● What you have to do:
The records must be returned word for word.

Dataset excerpts
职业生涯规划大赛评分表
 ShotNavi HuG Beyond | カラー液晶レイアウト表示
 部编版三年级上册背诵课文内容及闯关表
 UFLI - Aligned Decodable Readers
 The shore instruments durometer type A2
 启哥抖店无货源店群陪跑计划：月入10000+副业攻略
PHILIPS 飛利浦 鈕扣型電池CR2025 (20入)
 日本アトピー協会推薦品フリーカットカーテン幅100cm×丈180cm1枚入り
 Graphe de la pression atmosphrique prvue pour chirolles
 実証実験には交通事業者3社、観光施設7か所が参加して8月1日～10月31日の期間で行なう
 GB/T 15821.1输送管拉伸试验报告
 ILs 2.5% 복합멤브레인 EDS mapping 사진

● Solution to this exercise:
职业生涯规划大赛评分表
 ShotNavi HuG Beyond | カラー液晶レイアウト表示
 部编版三年级上册背诵课文内容及闯关表
 UFLI - Aligned Decodable Readers
 The shore instruments durometer type A2
 启哥抖店无货源店群陪跑计划：月入10000+副业攻略
PHILIPS 飛利浦 鈕扣型電池CR2025 (20入)
 日本アトピー協会推薦品フリーカットカーテン幅100cm×丈180cm1枚入り
 Graphe de la pression atmosphrique prvue pour chirolles
 実証実験には交通事業者3社、観光施設7か所が参加して8月1日～10月31日の期間で行なう
 GB/T 15821.1输送管拉伸试验报告
 ILs 2.5% 복합멤브레인 EDS mapping 사진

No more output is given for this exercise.